CSU forecasters up Atlantic hurricane predictionPosted On: Jul. 6, 2017 2:09 PM CST
Colorado State University on Wednesday revised its prediction for the 2017 Atlantic hurricane season, now saying the period will see above-average activity.
The forecasters at CSU, based in Fort Collins, Colorado, predicted as of July 5 that there will be 15 named storms this year, up from the 13 predicted in June and 11 predicted in April. They also predicted eight hurricanes, up from six in June and four in the previous report, and three major hurricanes, up from the two predicted in the previous two reports.
“We now anticipate an above-average Atlantic basin hurricane season,” the university said in its report, referring to the median 1981-2010 season. “The odds of a significant El Niño in 2017 have continued to diminish, and most of the tropical and subtropical Atlantic remains anomalously warm. With the increase in our forecast, the probability for major hurricanes making landfall along the United States coastline and in the Caribbean has increased as well.”
El Niño conditions typically result in below-average storm activity while the opposite is true of La Niña.
The probability for at least one major hurricane — Category 3, 4 or 5 — making landfall along the entire U.S. coastline is 62% compared with the 52% average over the last century, researchers said. For the U.S. East Coast, including the Florida peninsula, the probability is 39% compared with the historical 31% century average. For the U.S. Gulf Coast from the Florida panhandle westward to Brownsville, Texas, the probability is 38% compared with the 30% average for the last century.

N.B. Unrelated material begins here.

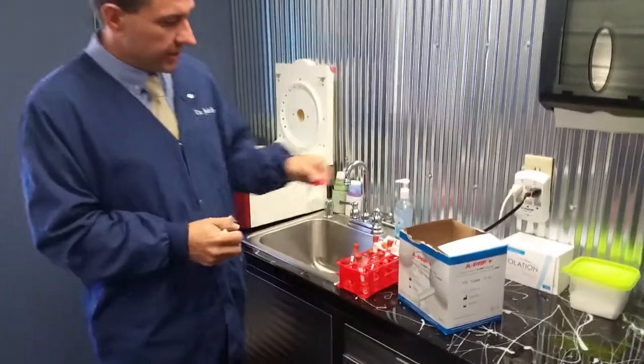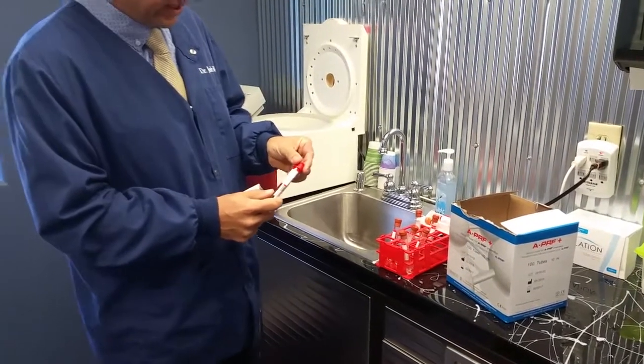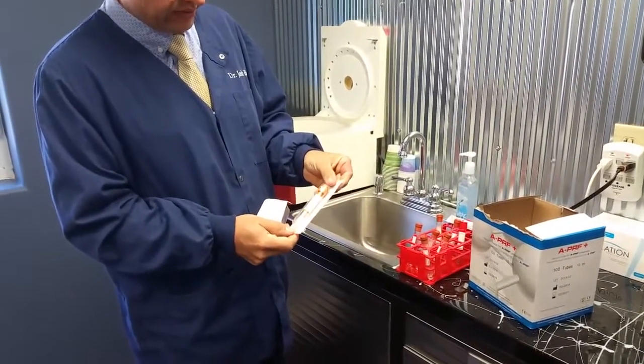If you look at the tubes, Dr. Schockern has a red tube, and this is the regular advanced platelet-rich fibrin which he basically brought to us here in the States and France. And then he's got an orange tube for injectable platelet-rich fibrin.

Atlantic basin Accumulated Cyclone Energy and Net Tropical Cyclone activity in 2017 are expected to be about 145% of their long-term averages for the remainder of the season, the university said.
“As is the case with all hurricane seasons, coastal residents are reminded that it only takes one hurricane making landfall to make it an active season for them,” the report said. “They should prepare the same for every season, regardless of how much activity is predicted.”